──────── INPUT RECORDS ────────

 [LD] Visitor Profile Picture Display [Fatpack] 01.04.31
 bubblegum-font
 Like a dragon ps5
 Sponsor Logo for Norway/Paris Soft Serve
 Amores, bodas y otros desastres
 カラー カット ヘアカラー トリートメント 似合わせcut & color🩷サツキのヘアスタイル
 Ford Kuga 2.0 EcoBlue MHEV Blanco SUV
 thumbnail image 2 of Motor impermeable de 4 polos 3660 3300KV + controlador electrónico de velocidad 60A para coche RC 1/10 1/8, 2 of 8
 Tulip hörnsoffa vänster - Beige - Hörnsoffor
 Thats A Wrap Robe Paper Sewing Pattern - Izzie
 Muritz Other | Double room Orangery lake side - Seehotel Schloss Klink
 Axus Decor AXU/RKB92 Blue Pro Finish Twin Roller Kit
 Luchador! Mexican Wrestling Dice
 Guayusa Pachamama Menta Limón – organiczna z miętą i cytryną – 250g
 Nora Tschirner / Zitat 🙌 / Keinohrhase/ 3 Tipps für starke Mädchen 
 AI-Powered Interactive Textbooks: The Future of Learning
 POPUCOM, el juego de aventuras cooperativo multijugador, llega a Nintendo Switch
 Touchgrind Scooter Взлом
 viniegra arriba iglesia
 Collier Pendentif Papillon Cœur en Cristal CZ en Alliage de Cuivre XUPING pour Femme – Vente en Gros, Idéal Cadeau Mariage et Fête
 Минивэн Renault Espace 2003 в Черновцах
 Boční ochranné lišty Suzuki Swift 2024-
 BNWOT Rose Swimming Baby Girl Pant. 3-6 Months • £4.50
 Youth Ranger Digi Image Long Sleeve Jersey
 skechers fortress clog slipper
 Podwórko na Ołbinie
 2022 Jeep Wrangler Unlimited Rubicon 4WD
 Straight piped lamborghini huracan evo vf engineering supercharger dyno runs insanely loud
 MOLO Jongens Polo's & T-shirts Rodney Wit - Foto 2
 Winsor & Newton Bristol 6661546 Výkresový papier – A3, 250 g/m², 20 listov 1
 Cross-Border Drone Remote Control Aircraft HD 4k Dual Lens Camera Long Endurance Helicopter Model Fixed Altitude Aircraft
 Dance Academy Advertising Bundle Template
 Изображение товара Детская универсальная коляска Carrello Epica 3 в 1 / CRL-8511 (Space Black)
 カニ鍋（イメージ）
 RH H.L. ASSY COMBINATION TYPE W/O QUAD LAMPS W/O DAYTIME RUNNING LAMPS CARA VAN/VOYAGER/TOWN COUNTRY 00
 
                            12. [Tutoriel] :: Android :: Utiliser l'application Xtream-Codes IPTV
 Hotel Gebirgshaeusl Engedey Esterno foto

────────

### EXERCISE
Everything from the line with "skechers fortress clog slipper" through the final line of the entries above must be duplicated exactly; both ends belong, and no other line does.

### RESULT OF THE EXERCISE
 skechers fortress clog slipper
 Podwórko na Ołbinie
 2022 Jeep Wrangler Unlimited Rubicon 4WD
 Straight piped lamborghini huracan evo vf engineering supercharger dyno runs insanely loud
 MOLO Jongens Polo's & T-shirts Rodney Wit - Foto 2
 Winsor & Newton Bristol 6661546 Výkresový papier – A3, 250 g/m², 20 listov 1
 Cross-Border Drone Remote Control Aircraft HD 4k Dual Lens Camera Long Endurance Helicopter Model Fixed Altitude Aircraft
 Dance Academy Advertising Bundle Template
 Изображение товара Детская универсальная коляска Carrello Epica 3 в 1 / CRL-8511 (Space Black)
 カニ鍋（イメージ）
 RH H.L. ASSY COMBINATION TYPE W/O QUAD LAMPS W/O DAYTIME RUNNING LAMPS CARA VAN/VOYAGER/TOWN COUNTRY 00
 
                            12. [Tutoriel] :: Android :: Utiliser l'application Xtream-Codes IPTV
 Hotel Gebirgshaeusl Engedey Esterno foto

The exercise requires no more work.